In the two latest WTA events, we saw a mix of the expected and the unusual. Simona Halep, the heavy favorite in Prague, wound up with the title despite a couple of demanding three-setters in her first two rounds. The week’s other tournament, in Lexington, failed to follow the script. Serena Williams and Aryna Sabalenka, the big hitters at the top and bottom of the bracket, combined for three wins, with four unseeded players making up the semi-final field.

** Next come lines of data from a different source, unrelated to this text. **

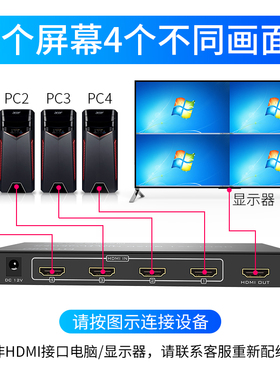 迈拓维矩MT-SW041-B  DNF分屏器 HDMI接口 4进1出分割器 游戏工作室逆水寒 地下城 魔兽 视频DNF4口分屏器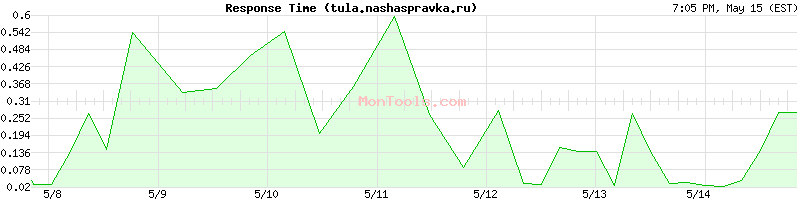 tula.nashaspravka.ru Slow or Fast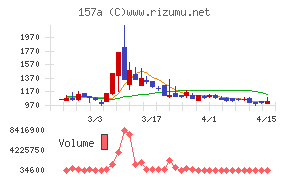 グリーンモンスター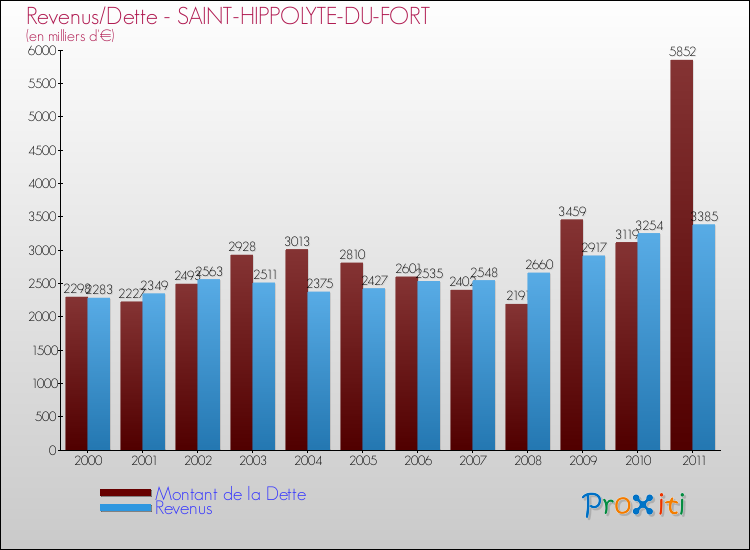 Evolution comparée de la dette et des revenus pour la commune de SAINT-HIPPOLYTE-DU-FORT de 2000 à 2011 Comparaison de la dette et des revenus pour SAINT-HIPPOLYTE-DU-FORT de 2000 à 2011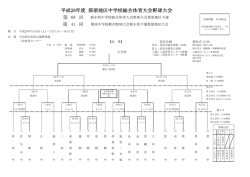 ②野球 - 那須地区学校体育連盟
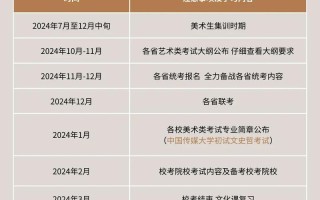 2025届艺考报名时间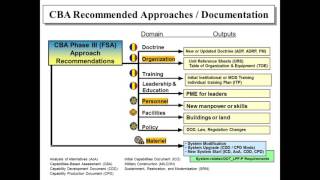 F102 Joint and Army Capability Development JCIDS AY17 [upl. by Dralliw]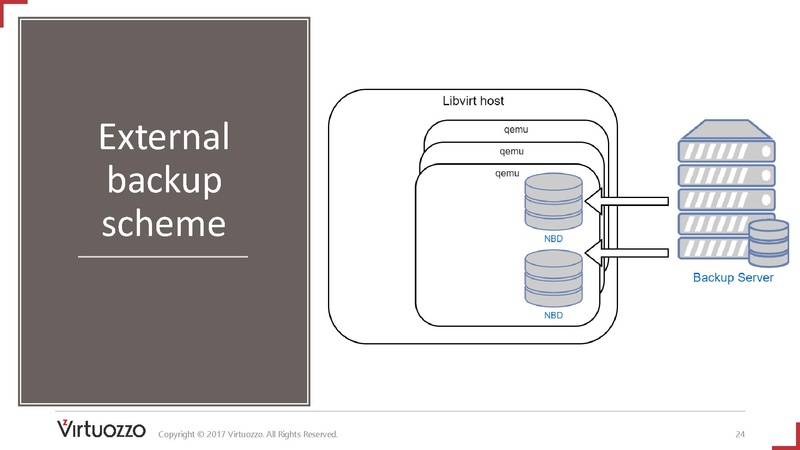 File:Kvm-forum2017 backup.pdf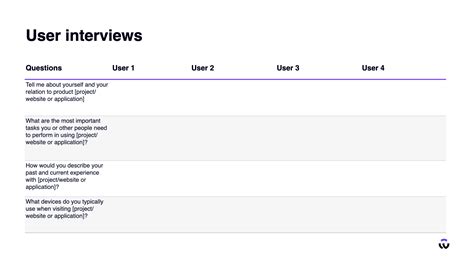 Ux Interview Guide Template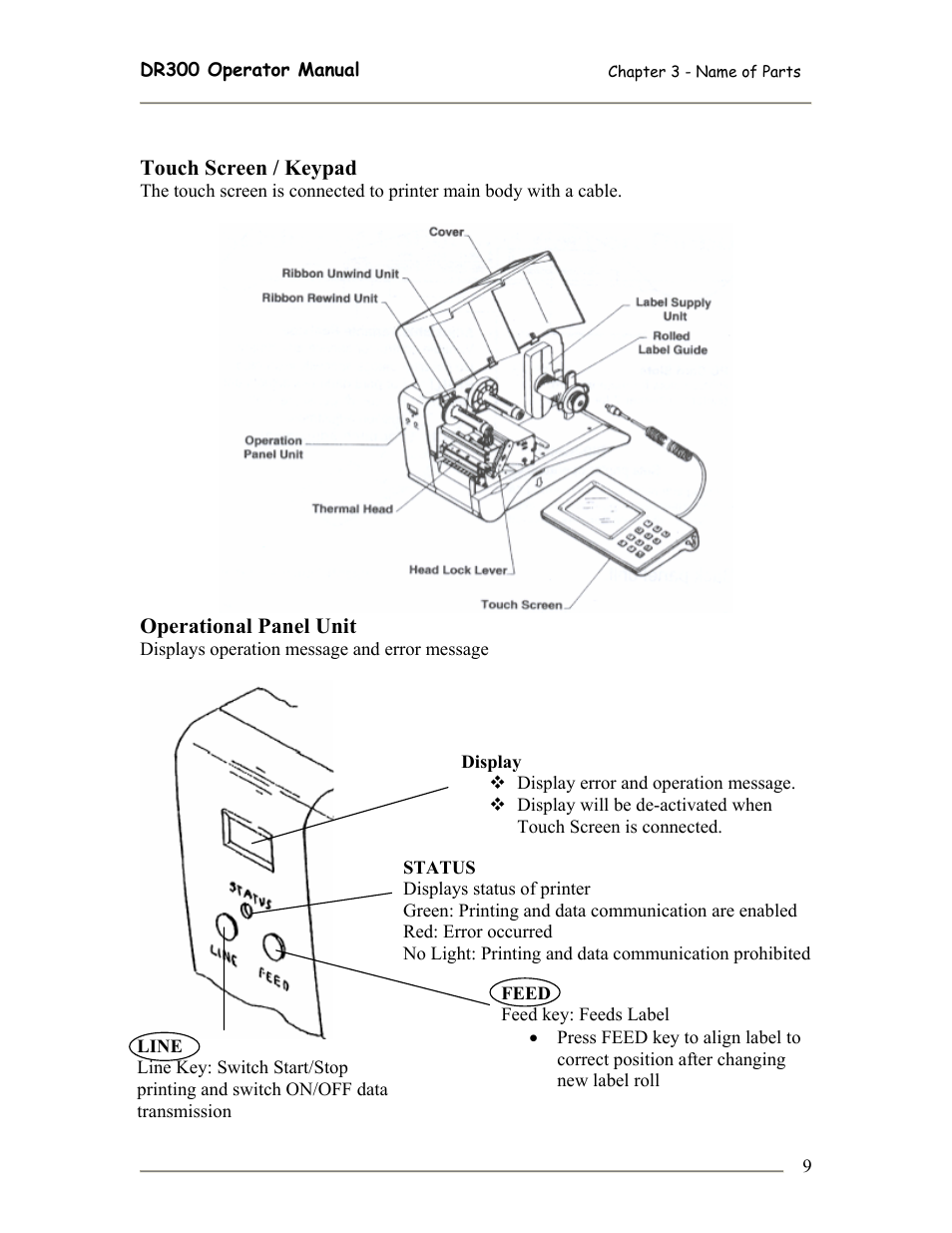 SATO DR300 User Manual | Page 11 / 96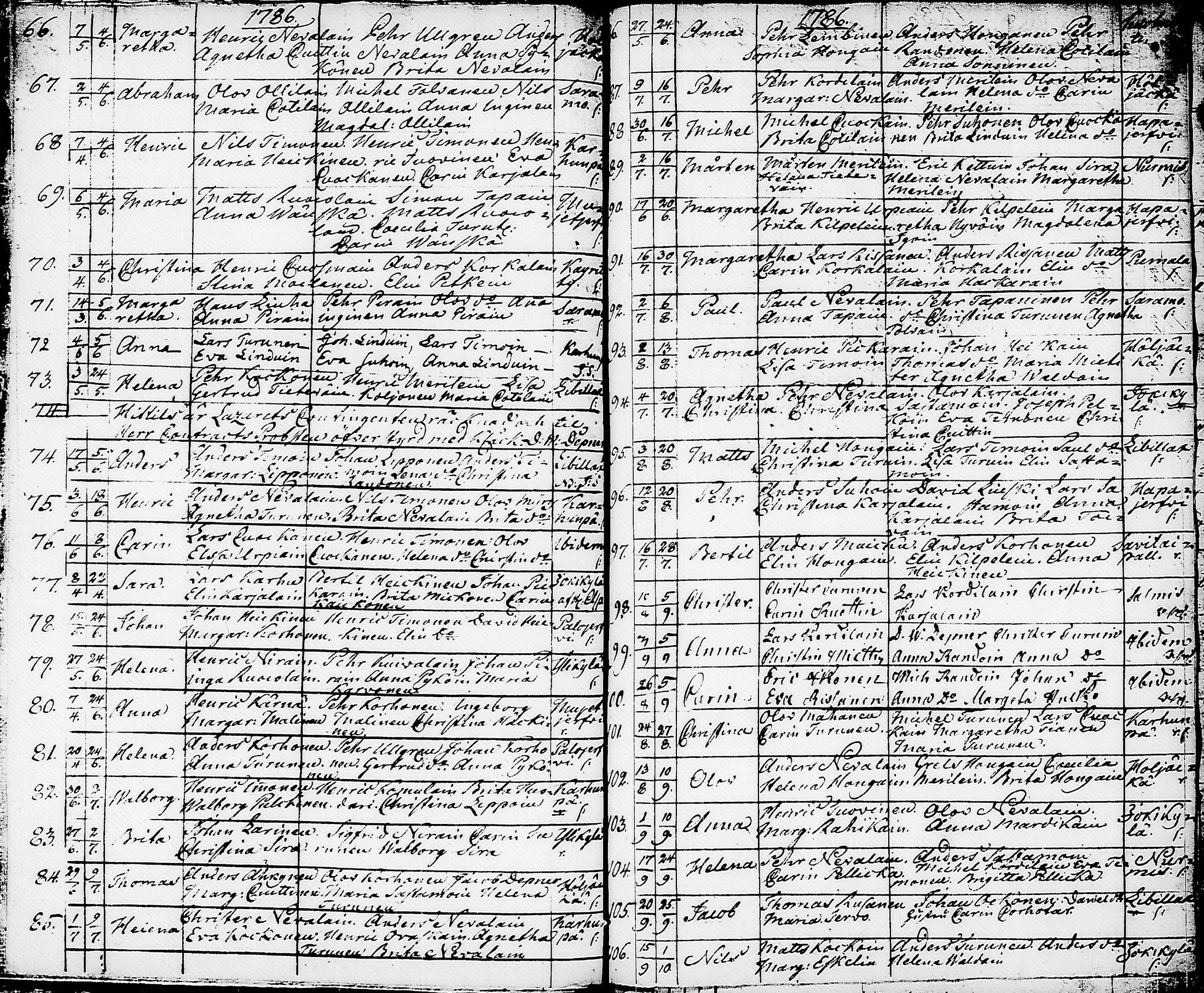 [ ../kirjat/Kirkonkirjat/nurmes/syntyneet-vihityt-kuolleet_1756-1788_tk1363/kuvat/129.jpg ]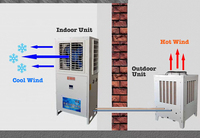 Climatiseur évaporatif industriel refroidi uniquement par eau pour usine, restaurant, supermarché, salle de sport et hôtel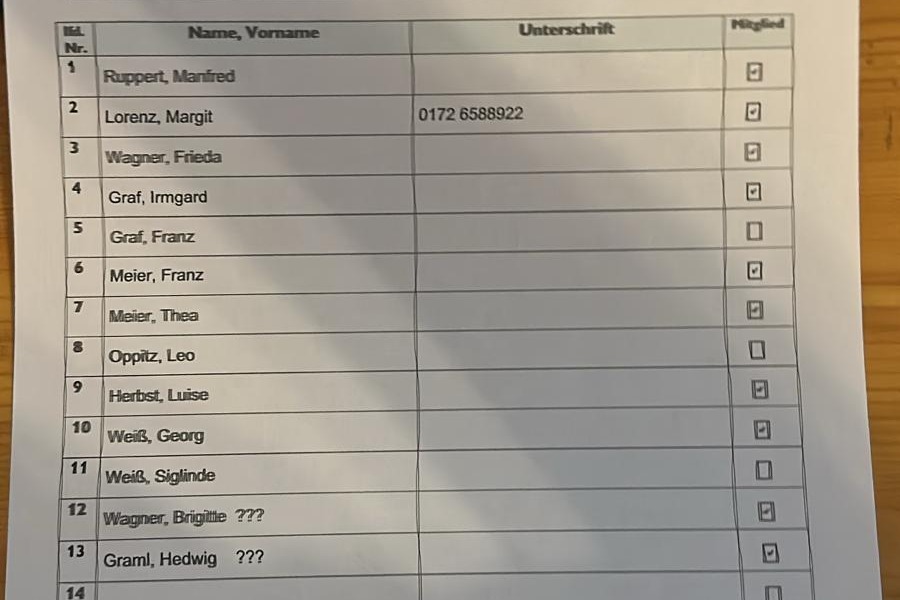 JVA Besichtigungsteilnehmer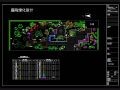 某庭院绿化设计CAD详细大样平面图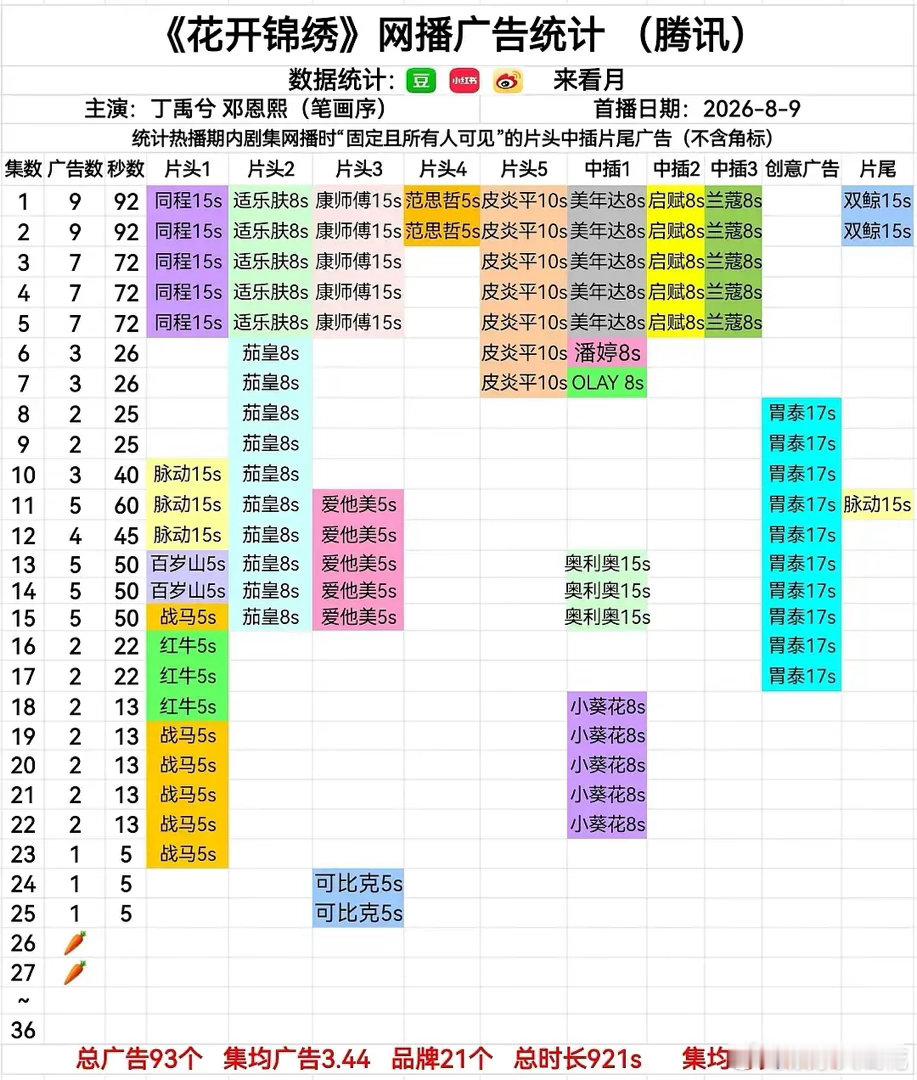 丁禹兮邓恩熙《花开锦绣》居然广告萝卜了吗....这也是s➕大制作吧这是谁的问题？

Last week I pointed out that Palermo–the tour’s initial comeback event–was so unpredictable that you would’ve been better off to treat each match as a coin flip than to use pre-layoff player strength ratings (such as Elo) to forecast outcomes. Such an upset-ridden event isn’t unheard of, even in pandemic-free times, but it is suggestive that the WTA rank-and-file haven’t quite returned to their usual form.
Prague and Lexington give us three times as much data to work with. Plus, we might theorize that Prague would be a little more predictable because so many players in that field also took part in the Palermo event, meaning that they have a little more recent match experience. While our sample of 93 main draw matches is still flimsy, it brings us a little closer to understanding how well traditional forecasts will handle this unusual time.
A thorny Brier patch
The metric I’m using to quantify predictability–or to put it another way, the validity of pre-layoff player ratings–is Brier Score, which takes into account both raw accuracy (did the forecast pick the right player to win?) and confidence level (was the forecast too strong, too weak, or just right?). Tour-level Brier Scores are usually in the range of 0.21, while a score of 0.25 means the predictions were no better than coin flips. A lower score represents more accurate predictions.
Here are the Brier Scores for Palermo, Lexington, and Prague, along with the average of the three, and the average of all WTA International events (on all surfaces) since 2017. (The scores are based on forecasts generated from my Elo ratings.) We might expect the first round to be different, since players are particularly rusty at that stage, so I’ve also broken out first round (“R32 Brier”) matches for each of the tournaments and averages in the table.
Tournament Brier R32 Brier Palermo 0.268 0.295 Lexington 0.226 0.170 Prague 0.212 0.247 Comeback Avg 0.235 0.237 Intl Avg 0.217 0.213
As we last week, the Palermo results truly defied expectations. More than half of the matches were upsets (according to my Elo ratings), with a particularly unpredictable first round.
That didn’t last. The Prague first round rated 0.247–just barely better than coin flips–but the messiness didn’t last beyond the first couple of days. The event’s overall Brier Score was 0.212, slightly better than the average WTA International. In other words, this group of 32 women, only recently returned from a months-long break, delivered results that were roughly as predictable as we would expect in the middle of a normal season.
The Lexington numbers are a bit more difficult to make sense of, but like Prague’s, they point to a post-coronavirus world that isn’t all that weird. The opening round closely followed the script, with a Brier Score of 0.170. Of the last 115 WTA International events, only 22 were more predictable. The forecast accuracy didn’t last, in large part because of Serena’s loss at the hands of Shelby Rogers. The rating for the entire tournament was 0.226, less predictable than usual, but much better than random guessing and closer to tour average than to the assumption-questioning Palermo numbers.
Revised estimates
We’re still early in the process of evaluating what to expect from players after the COVID-19 layoff. As more tournaments take place, we can identify whether players become more predictable with more matches under their belts. (Perhaps the Prague participants who skipped Palermo were more difficult to forecast, although Halep is an obvious counterexample.)
At this point, anything is possible. It could be that we will steadily drift back to business is usual. On the other hand, the new social-distancing-oriented rules–with few or no fans on site, nightlife limited to Netflix, players fetching their own towels, and new variations of on-court coaching–might work to the advantage of some women and the disadvantage of others. If that’s the case, Elo ratings will go through a novel period of adjustment as they shift to reflect which players thrive on the post-corona tour.
It’s too early to do much more than speculate about something as significant as that. But in the last week, we’ve seen forecasts go from wildly wrong (in Palermo) to not half bad (in Lexington and Prague). We’ve gained some confidence that for all the things that have obviously changed since March, our approach to player ratings may be one thing that largely remains the same.